Druid Overload getting status from middlemanager connection refused

From dozens of tasks, a sample of them encounter error, like 10%, always.
The failing tasks have something in common:
They start fine, their logs show they are fine, but suddenly the tasks receive a shutdown request and shut themselves down gracefully, leading a the task being flagged as FAILED, logically.
it can also show the log of No task in the corresponding pending completion taskGroup[7] succeeded before completion timeout

The overlord log, however, shows something suspicious. For the given task, when it attempts to get its status via endpoint /druid/worker/v1/chat/{{TASK_ID}}/status, it fails (and it does retry it several times (based on the number of retries specified in config) and then when no success, it starts to shutdown them task via denouncing it over HTTP.

Well, It also happens for almost all ingestions of data-sources with high number of tasks, so there must be a common issue between them.

I suspect which configs of MiddleManager are affecting this?

How many total tasks are you running? Could this just be a capacity issue? How many worker slots do you have across middle managers?

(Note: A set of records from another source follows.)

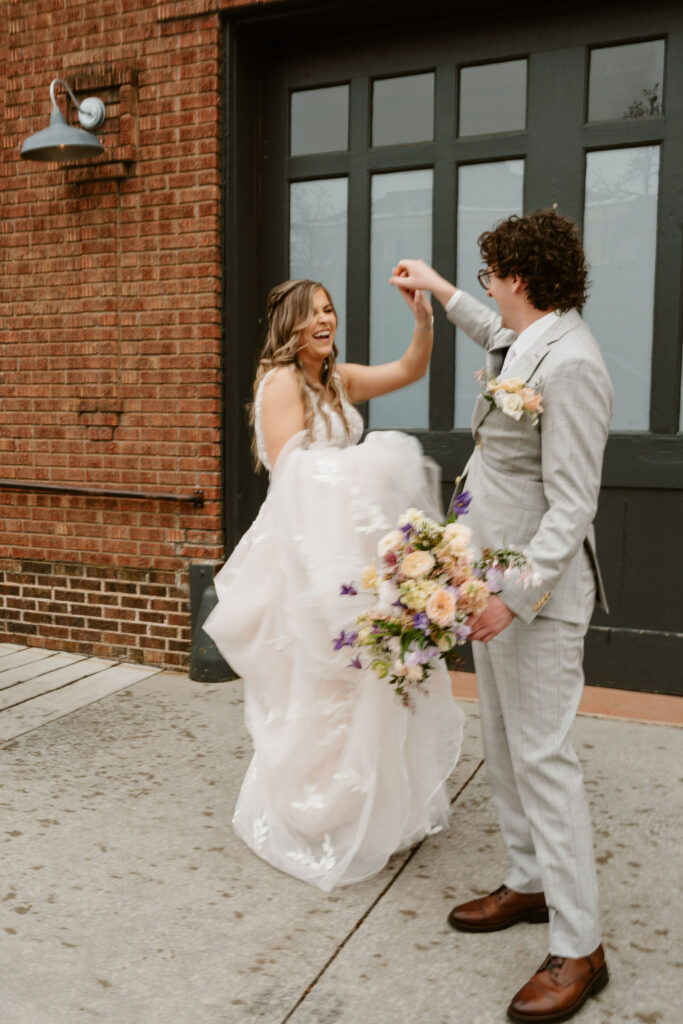 Bride and groom portraits in front of St Vrain in Boulder County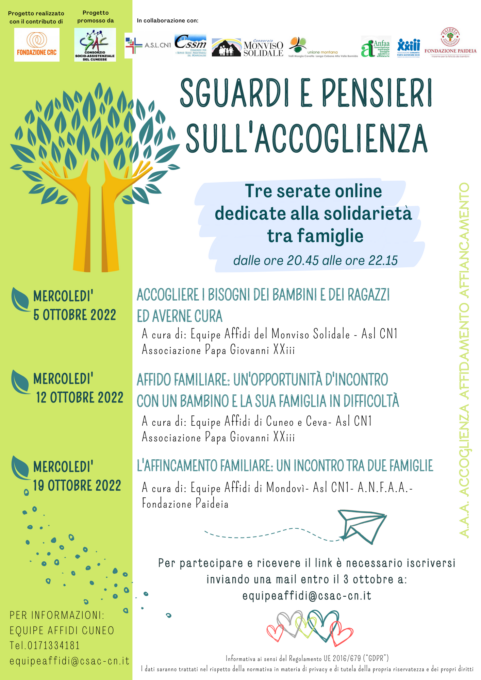 Progetto +Vicini, tre serate online per discutere dell’accoglienza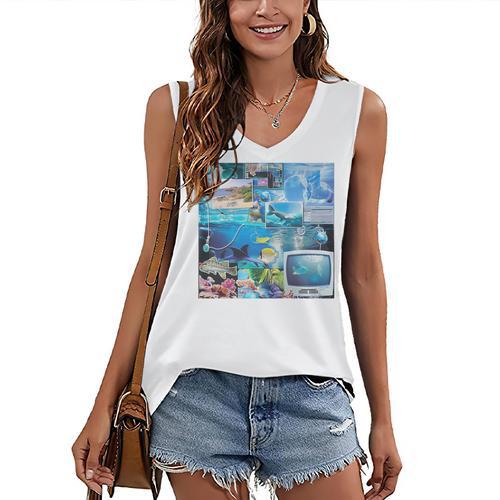 Frutiger Aero Retro Vibes Premium Tri-Blend Women's V-Neck Tank Top - Figerry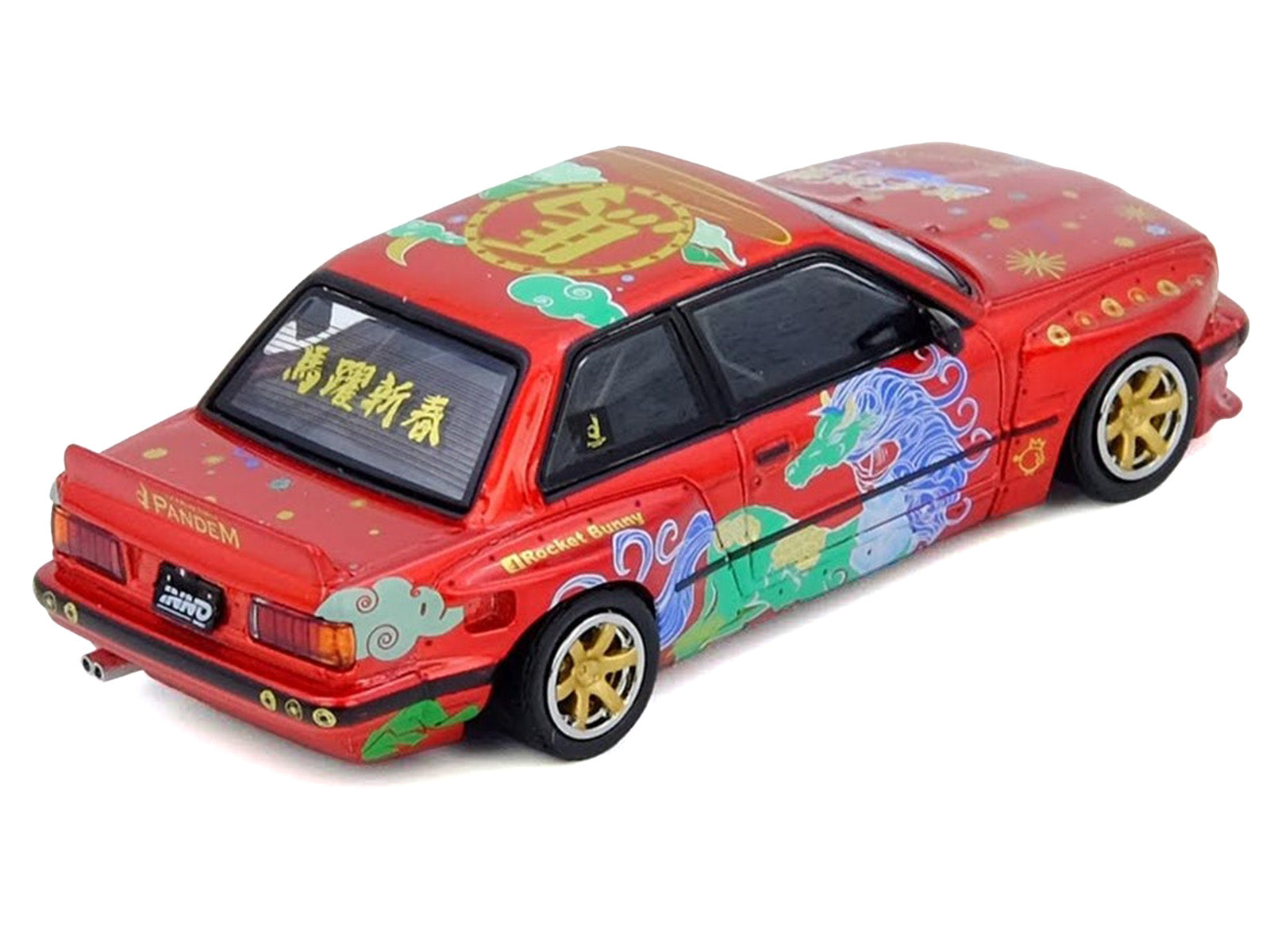 Pandem Rocket Bunny E30 "Year of the Horse - Chinese New Year 2026 Special Edition" Red Metallic with Graphics Limited Edition to 8888 pieces Worldwide 1/64 Diecast Model Car by Inno Models - image 3
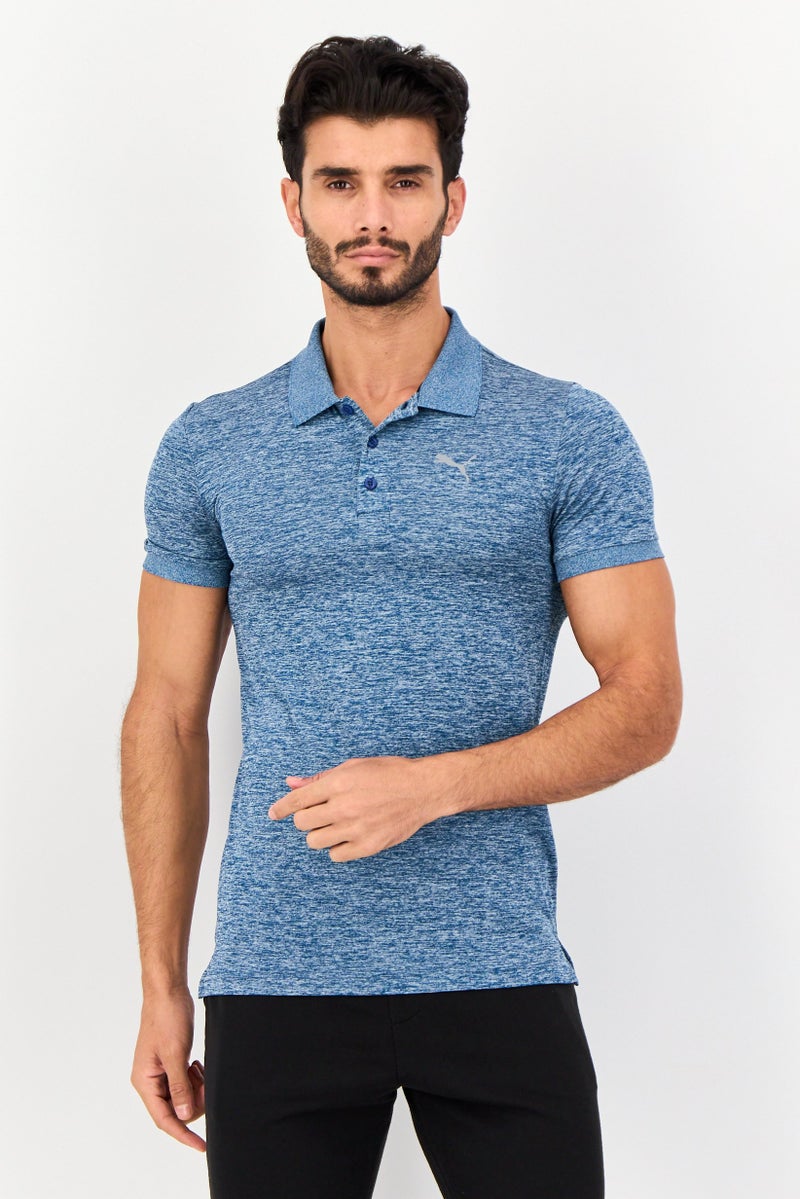 PUMA قميص بولو قصير الأكمام للرجال بتصميم نحيف مع شعار العلامة التجارية، أزرق مائل إلى الرمادي - Image 1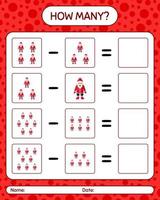 How many counting game with , santa claus. worksheet for preschool kids, kids activity sheet vector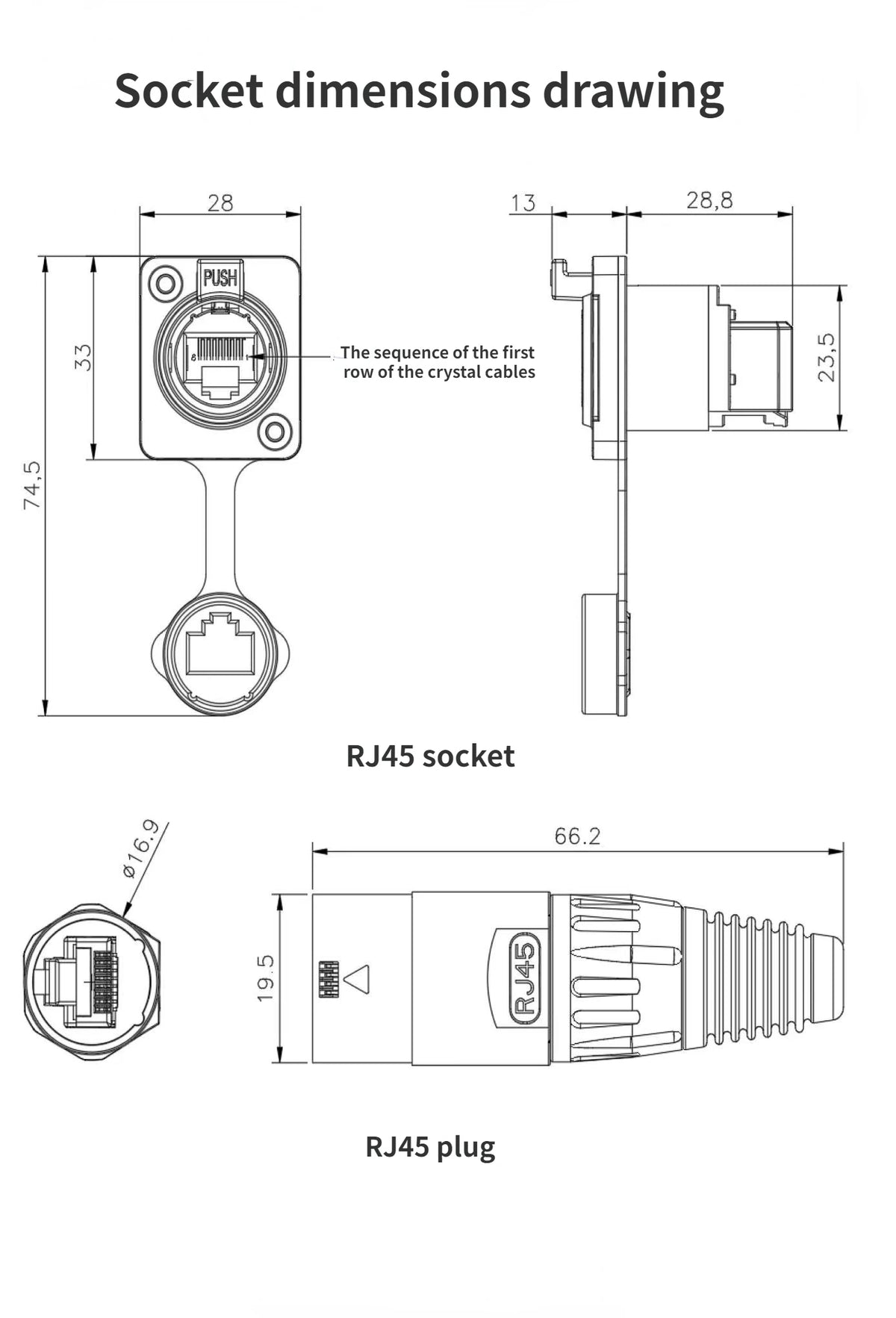 RJ45 Waterproof Connector Plug, D Type Panel Mount Socket IP65 Ethernet Connectors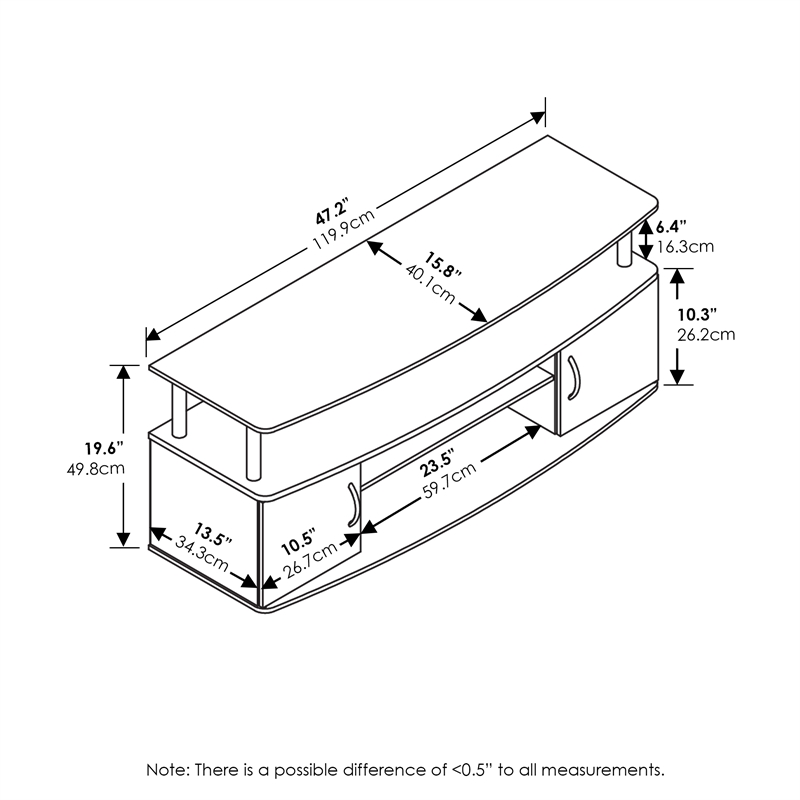 Furinno JAYA Large Entertainment Center Hold up to 55-IN Stainless Steel Tubes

No that cannot be a task capacity issue.
Because:

  • the task has already started, just in the middle of its work, due to overlord being unable to get its status, its send signal shutdown.
  • the task number and capacity of total middle managers also show sufficient empty capacity for new workers

Could the tasks be starved for resources and therefore unable to respond to the overlord status requests?
What does CPU utilization look like on the MM when this occurs?
How many cores in the MM? What is your worker capacity set to? If it is higher than the ( number of cores - 1), this could lead to CPU contention that might cause this.

There are tens of cores in the MM and the config for capacity is set to NUM_OF_CORES - 2 or 3
Also there are several MMs and it occurs on all of them.
CPU usage seems fine seeing with htop
I wonder it might be due to not enough chat handlers?
They are set exactly based on the given formula of druid (even a bit more)

Could be. Are these streaming ingestions? Are there a lot of queries going on as well?

How about http.numThreads on the Tasks?
From the docs:

On the Historical/Task side, this means that `druid.server.http.numThreads` must be set to a value at least as high as the sum of `druid.broker.http.numConnections` across all the Brokers in the cluster.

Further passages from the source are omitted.